Student thesis: Doctoral ThesisDoctor of Philosophy

Abstract

This thesis is a reappraisal of domestic child-rearing practices amongst the English Georgian elite. It argues that contrary to the established notion that the eighteenth century saw medical and pedagogical experts persuading receptive upper-class parents to overturn the archaic and interventionist child-rearing practices of their predecessors, elite Georgian mothers – acting autonomously, knowledgeably, and authoritatively, and in line with mainstream medical opinion – were already well informed about best practice. An examination of how mothers, aunts, and grandmothers from this social set understood and dealt with some of the most common childhood afflictions (smallpox, teething, worms, rickets, scrofula, and consumption) reveals a remarkably active community of women making informed decisions about how best to protect and future-proof their children’s bodies at a time when those bodies – which were still conceptualised within the terms of humoral physiology – stood little chance of escaping disease and deformity without a mother’s unremitting attention and constant management.

These women were emblematic of a vibrant culture of motherhood, whose shared knowledge, experience, and authority effectively set the child-rearing standards for the day.
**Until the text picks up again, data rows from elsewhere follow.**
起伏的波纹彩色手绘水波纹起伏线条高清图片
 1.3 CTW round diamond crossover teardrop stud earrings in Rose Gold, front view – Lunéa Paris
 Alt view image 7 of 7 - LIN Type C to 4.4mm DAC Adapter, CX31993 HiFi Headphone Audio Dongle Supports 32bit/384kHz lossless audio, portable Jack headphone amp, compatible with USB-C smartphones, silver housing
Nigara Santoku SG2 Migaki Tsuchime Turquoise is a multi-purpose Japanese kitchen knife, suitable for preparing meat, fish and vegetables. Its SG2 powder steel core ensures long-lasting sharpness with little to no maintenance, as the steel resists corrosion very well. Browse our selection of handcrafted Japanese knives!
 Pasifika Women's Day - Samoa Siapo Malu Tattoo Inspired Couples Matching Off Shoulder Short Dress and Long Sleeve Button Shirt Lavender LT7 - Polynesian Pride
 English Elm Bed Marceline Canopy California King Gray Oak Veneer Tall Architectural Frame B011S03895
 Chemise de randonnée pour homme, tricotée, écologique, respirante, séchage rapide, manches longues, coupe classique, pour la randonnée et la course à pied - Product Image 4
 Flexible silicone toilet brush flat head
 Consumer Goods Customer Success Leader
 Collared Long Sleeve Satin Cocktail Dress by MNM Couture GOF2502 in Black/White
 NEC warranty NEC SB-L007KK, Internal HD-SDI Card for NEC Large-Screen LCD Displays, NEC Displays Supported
By reconstructing events from the perspective of those ultimately responsible for children’s physical welfare in this period, rather than from the perspective of an emerging discourse that sought to disenfranchise traditional female advice, this is a history from – not below, but – the place where women held greatest social authority. Far from having the domain of childcare removed from their sphere of influence, elite Georgian women possessed remarkable agency and moral authority over the health, wellbeing, and survival of their children. Offering an important new perspective on domestic childcare in a period where ‘men of science and sense’ supposedly re-wrote the rules of child-rearing, this thesis contributes to a number of historical fields including histories of: family, childhood, parent-child relations, patient-practitioner relations, domestic medicine, women, gender, the body, pain, and the emotions.

Date of Award1 Jul 2022
Original languageEnglish
Awarding Institution
  • King's College London
SupervisorAnna Maerker (Supervisor) & Rowan Boyson (Supervisor)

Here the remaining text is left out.